- Born: Kuala Lumpur, Malaysia
- Education: University of Sussex (BA); University of Manchester (PGCE); University of Warwick (MA, PhD)
- Occupations: Writer and academic
- Writing career
- Notable work: A Little Dust on the Eyes
- Notable awards: SI Leeds Literary Prize
- Website: minolisalgado.com

= Minoli Salgado =

Sri Lankan author

Minoli Salgado is a Sri Lankan writer and academic based in the United Kingdom who was born in Malaysia and educated mainly in England. She has written extensively on migrant studies and diasporic literature and is the author of the critically acclaimed work Writing Sri Lanka. She also writes fiction and poetry, and her debut novel A Little Dust on the Eyes won the inaugural SI Leeds Literary Prize in 2012.

==Biography==
Born in Kuala Lumpur, Malaysia, Minoli Salgado was brought up in Sri Lanka, South East Asia and England, attending schools in Penang Hill, Colombo and North Devon, before going on to university studies in English Literature. She earned a BA degree from the University of Sussex, PGCE from University of Manchester, and after gaining a PhD in Indo Anglian fiction from the University of Warwick she returned to the University of Sussex, where for many years she taught postcolonial literature, holding the positions of Tutorial Fellow, Lecturer, Senior Lecturer, Reader and Professor of English. In 2020, she joined Manchester Metropolitan University as Professor of International Writing, and she is founding Director of the Centre for Migration and Postcolonial Studies (MAPS).

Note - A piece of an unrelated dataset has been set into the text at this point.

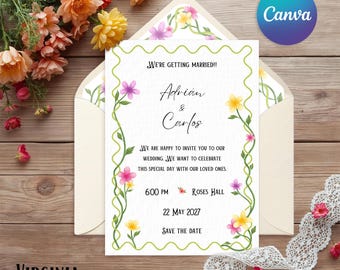 Invitación de boda con flores silvestres, Invitación diseño botánico, Plantilla Canva, Invitación con flores, Detalles, RSVP, Modelo Flores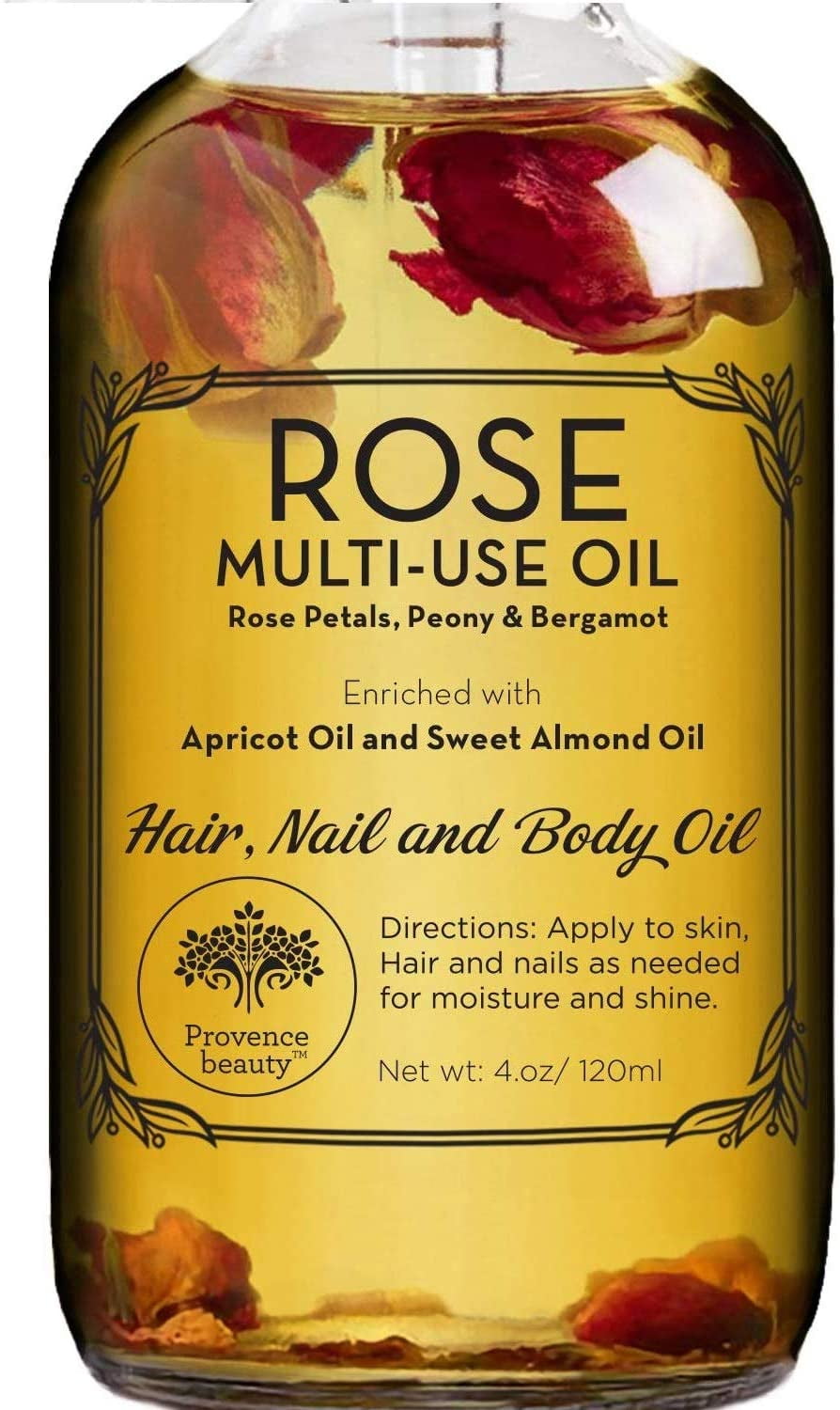 Provence Beauty Rose Petals Body Oil with Organic Peony Bergamot Vitamin E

Her 2006 book, Writing Sri Lanka: Literature, Resistance and the Politics of Place, is considered an influential study of Sri Lankan literature in English. The first major study of Sri Lankan literature in English, it was researched by Salgado supported by a Leverhulme Fellowship and AHRC Research Grant.

In 2012, her debut novel A Little Dust on the Eyes won the inaugural SI Leeds Literary Prize, and in 2014 was published by Peepal Tree Press, being launched that year at the Southbank Centre as part of the London Literature Festival. The novel was also longlisted for the DSC Prize for South Asian Literature.

Her collection of short stories, Broken Jaw, was shortlisted for the Republic of Consciousness Prize and longlisted for the Orwell Prize for Political Fiction in 2020.

==Selected bibliography==
- Writing Sri Lanka: Literature, Resistance and the Politics of Place (Routledge, 2007, ISBN 9780415364188)
- A Little Dust on the Eyes – novel (Peepal Tree Press, 2014, ISBN 9781845232405)
- Broken Jaw – short stories (London: The 87 Press, 2019, ISBN 9781916477445)
- Twelve Cries from Home: In Search of Sri Lanka's Disappeared - non-fiction (Repeater Books, 2022, ISBN 9781914420054)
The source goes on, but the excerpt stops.